▸ INFORMATION SHOWN
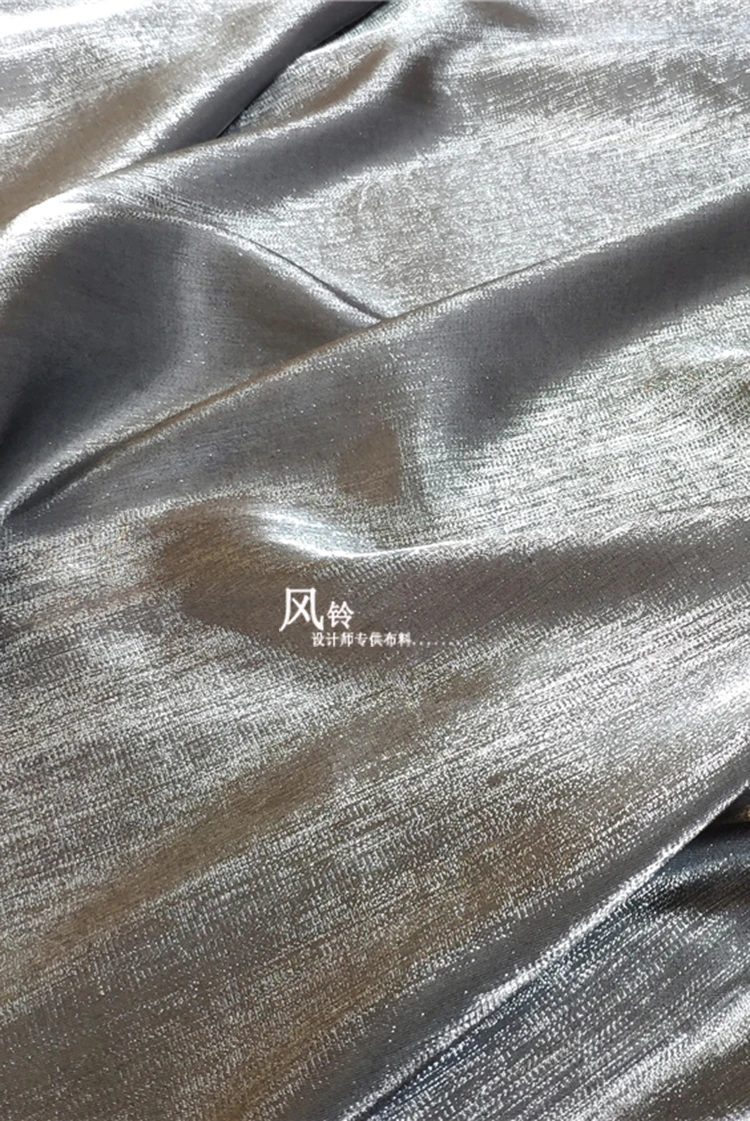 Luxury Satin Cloth for Designer Clothing Black Silver Crystal Fabric for Handmade Hanfu Crease Resistant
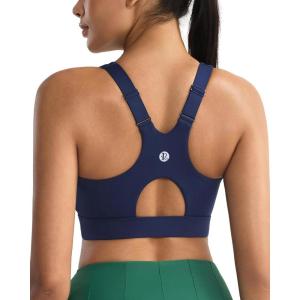 imageRUNNING GIRL Sports Bra for WomenAdjustable Straps Molded Cup High Impact Sports Bras for Women with Sewn in PadsNavy Blue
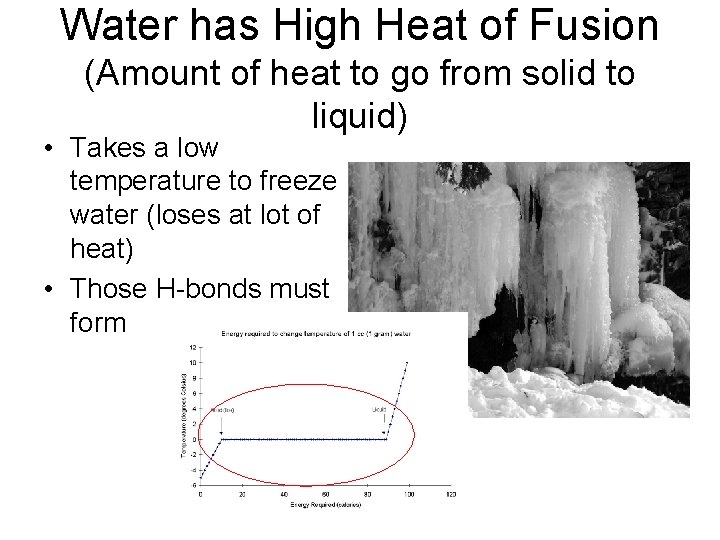 Water has High Heat of Fusion (Amount of heat to go from solid to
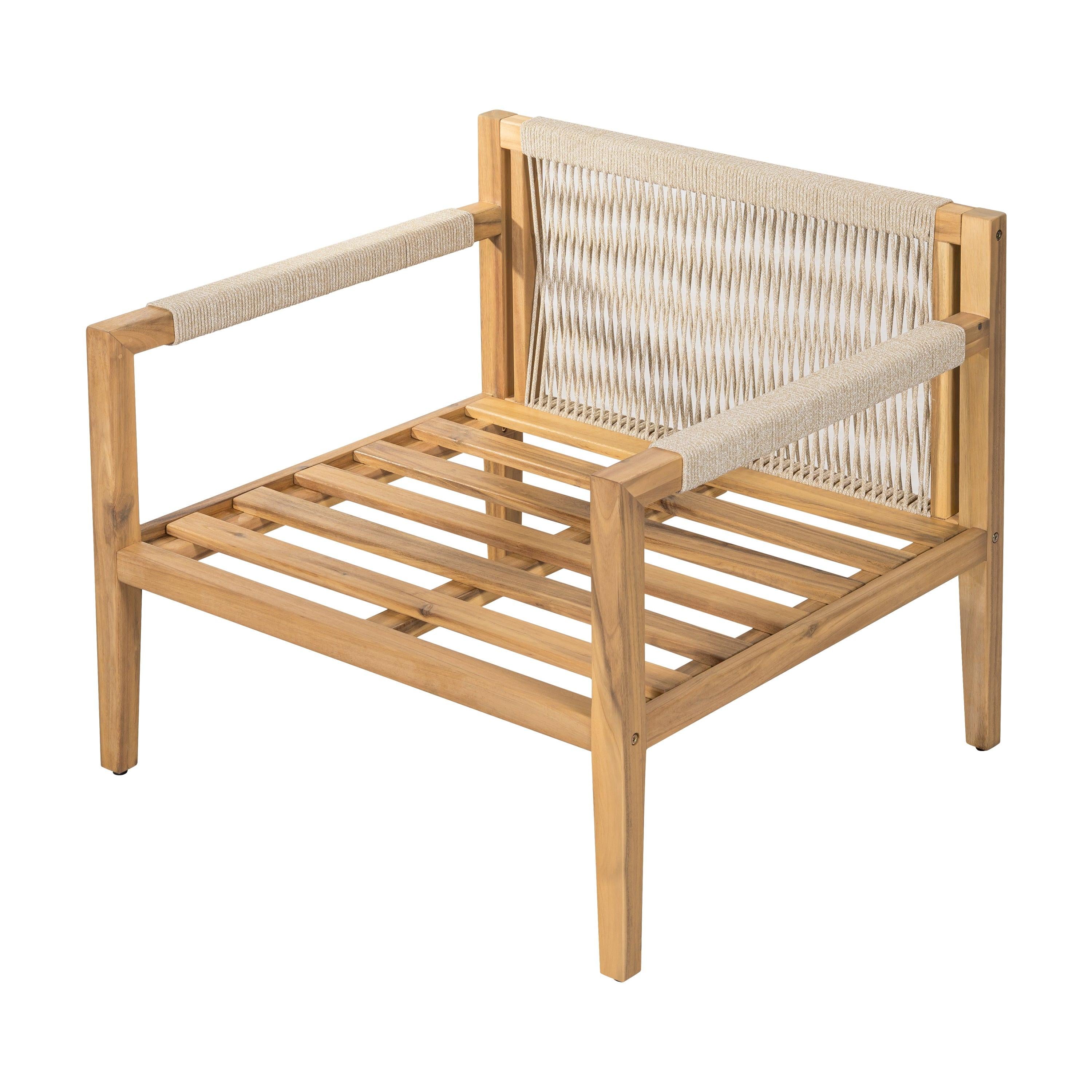 Acacia Wood Outdoor Leisure Chair - Comfortable Patio Seating.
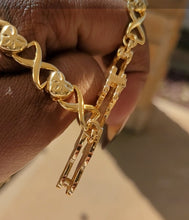 Load image into Gallery viewer, New Hello Kitty XOXO Personalized Double Plated Necklace with Diamond Cut Hearts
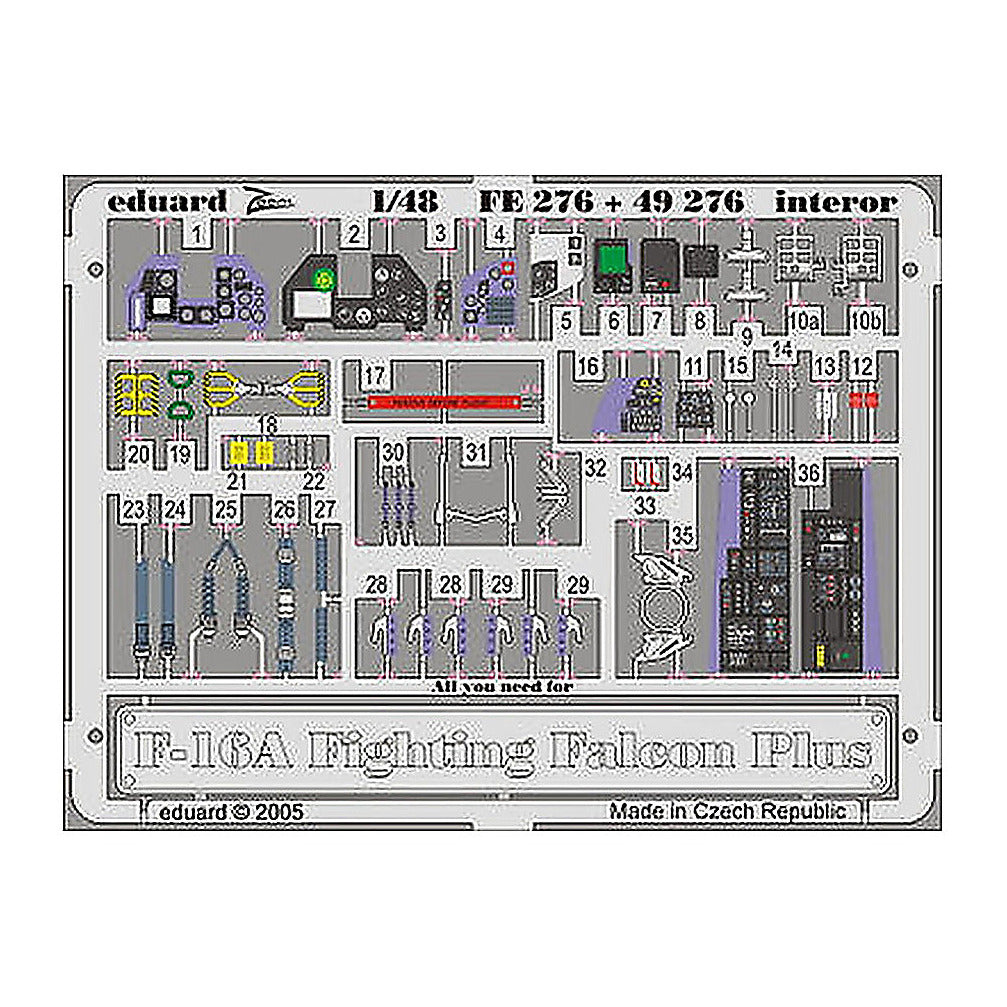 eduard fe276 1 48 f 16a fighting falcon plus interior for hasegawa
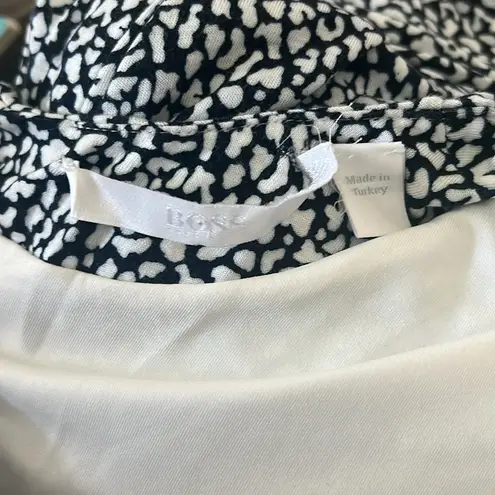 Hugo Boss Epona Midi Dress w/Ruched Left Waist Navy White EXCELLENT! Retail $398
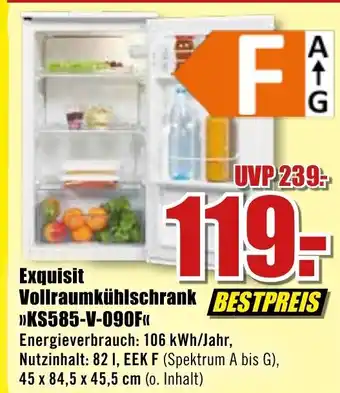 B1 Discount Baumarkt Exquisit Vollraumkuhlschrank | KS585-V-090F Angebot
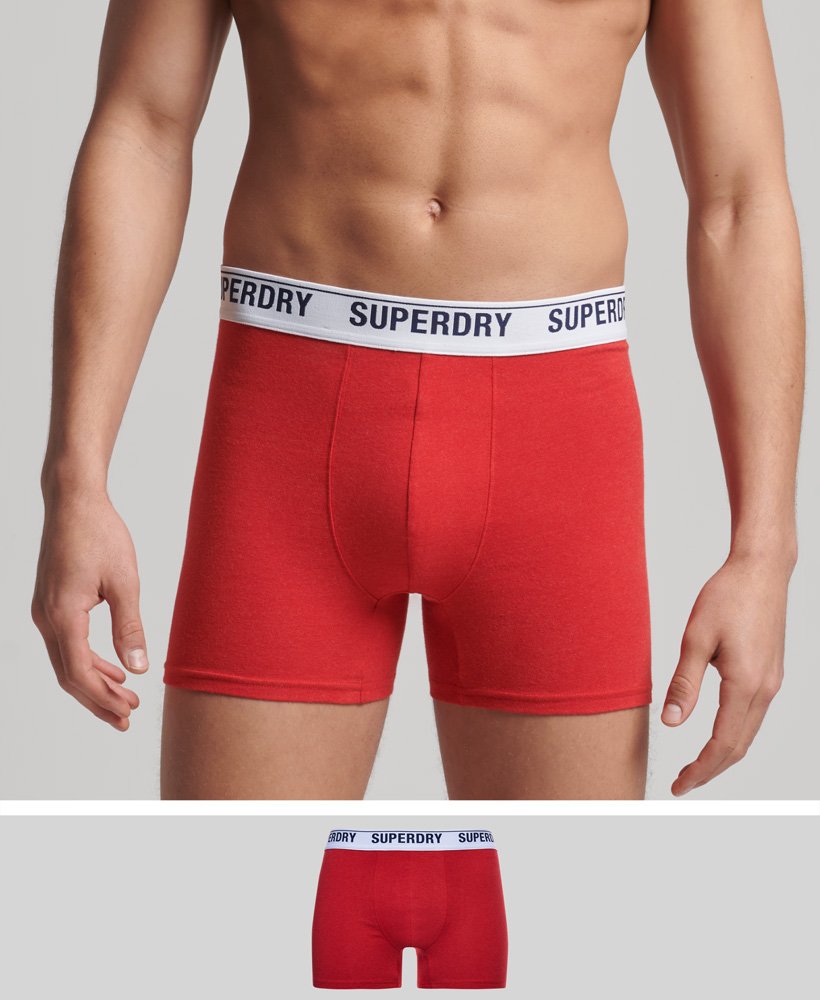 biologische katoenen boxershorts enkelpak in risk red marl.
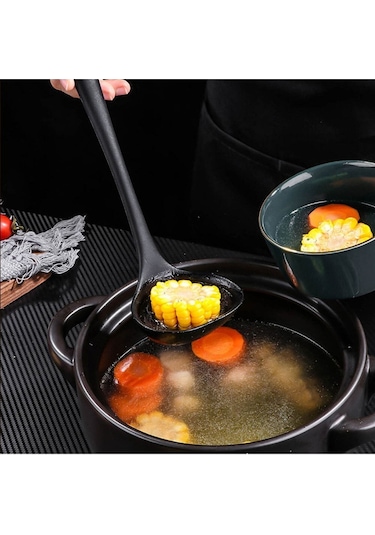 Qerhome 5 Parça Tamamı Silikon Yanmaz Yapışmaz Silikon Mutfak Seti Siyah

▸ WHAT IS REQUIRED
Leave the pictures out and restate exactly the lines from the one that has "Hugo Boss Epona" through the final line of the entries above, both ends included.

▸ TASK SOLUTION
 Hugo Boss Epona Midi Dress w/Ruched Left Waist Navy White EXCELLENT! Retail $398
 B1 Discount Baumarkt Exquisit Vollraumkuhlschrank | KS585-V-090F Angebot
 biologische katoenen boxershorts enkelpak in risk red marl.
 Qerhome 5 Parça Tamamı Silikon Yanmaz Yapışmaz Silikon Mutfak Seti Siyah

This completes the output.